My wife, Cindy, and I were talking recently about obstacles to healthy marriages. One of the things we have observed happening in marriages today is the tendency to frame marriage problems using an Oppressed / Oppressor perspective.  Cindy brilliantly coined a phrase for this which I want to elaborate on today:  “Critical Spouse Theory.”

In this view, I am the Oppressed and my spouse is my Oppressor.   This approach is destructive to marriages on several levels.

First.  Both parties will inevitably declare themselves to be “the Oppressed.”  In a world where marriage is seen primarily as a means to one’s own personal happiness and fulfillment this resonates well.  Anything that blocks one’s personal fulfillment is obviously oppression!

As I said, both the husband and the wife will consider that they are the Oppressed and their spouse is the Oppressor–and they’ll have plenty of support to back their claims;  if they hop on TikToc or YouTube, they’ll find hundreds of ex-wives or ex-husbands, reinforcing this view that they don’t need to put up with such oppression from their spouse.

Second.  This way of looking at my spouse is overly simplistic.  It lumps her into the general category of Oppressor, discounting any of her good qualities.  In this worldview, there is no such thing as “partial oppression”–it’s an all-or-nothing approach.   I cannot see any of the good because I’m focusing only on the bad.

Third.  Once I apply this negative label of “My Oppressor,” I no longer look at my spouse as the precious person I fell in love with, but now I see her as my enemy.   This identity distortion will spoil every interaction between us.  I’m not talking to a decent human being so neither do I have to behave like one.

Fourth.  I develop the belief that Oppressors can’t change.  They can’t improve.  They’re not safe to be around.  I need only to protect myself.

Fifth.   This perspective, therefore, absolves me of responsibility.   The Oppressed gets a pass on moral culpability.  I hear this all the time in the counseling office.  “I don’t have to treat him decently until he stops Oppressing me.”  And of course, the culture will reinforce this.  The Oppressor is only capable of evil and the Oppressed is exempt from moral critique.

Sixth.   Things are unlikely to change for the better.  With this mindset, the only way for my oppression to end is for me to keep away from my Oppressor.  Divorce is the likely outcome.

Seventh.  Critical Spouse Theory doesn’t offer any hope for a healthy marriage.

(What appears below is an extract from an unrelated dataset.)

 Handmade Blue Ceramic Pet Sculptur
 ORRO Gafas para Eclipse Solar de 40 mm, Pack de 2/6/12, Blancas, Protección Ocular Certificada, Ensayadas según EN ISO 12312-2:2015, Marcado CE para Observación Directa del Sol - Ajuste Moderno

Avoiding the Critical Spouse Theory worldview

Most of the essays I write on Christian marriage are the antidote to Critical Spouse Theory.   Here’s some links to several of them.

1.   We must recognize that Christian marriage must never be primarily about personal happiness and self fulfillment.  That is a consumer-based, commodifying basis of marriage.  A Christian marriage is not a contract, but rather a covenant.  Marriage isn’t a perpetual honeymoon, but it is rather a crucible for character-building, where we learn to be like Christ in how we relate in the most intimate of human relationships.   Marriage ought to be the context where we learn to love, serve, forgive, and grow toward one another, teaming up to provide a stable context for child-rearing.

2.  We must recognize that all of us are a mix of Oppressor and Oppressed.   It’s rarely one sided.  Our marital love fails.   We all hurt the ones we love.  We all fail to fully keep the wedding vows we made.

3.  We would do well to focus on our side of the equation–becoming less of an Oppressor.  Take responsibility for what you need to change about you. We must focus less on the other person’s faults.  Jesus taught to take the log out of our own eye before obsessing over the speck in someone else’s.

4.  We must get rid of the 50-50 mindset.  I’ll automatically see myself as the Oppressed when I think that I’m unfairly getting less than my fair share.

5.  We must remember that we don’t get a pass on loving our spouse even when we may feel Oppressed.

6. We remember that people can change, and we must give them that opportunity.  We should extend to others the same opportunity for growth and change that we would want ourselves.  To declare that someone can’t change is to deny God’s ability to transform a sinner into a saint.


One final word.  I’m not saying there aren’t actual cases of abuse in marriage–there are!  If you are in physical danger, call 911.  If your children are being abused, take them and get out.  Implement whatever boundaries are needed.  Yes, there are exceptional cases of abuse, but they are exactly that–exceptional.  Most of us just need to learn how to better respond to the ordinary challenges of marriage.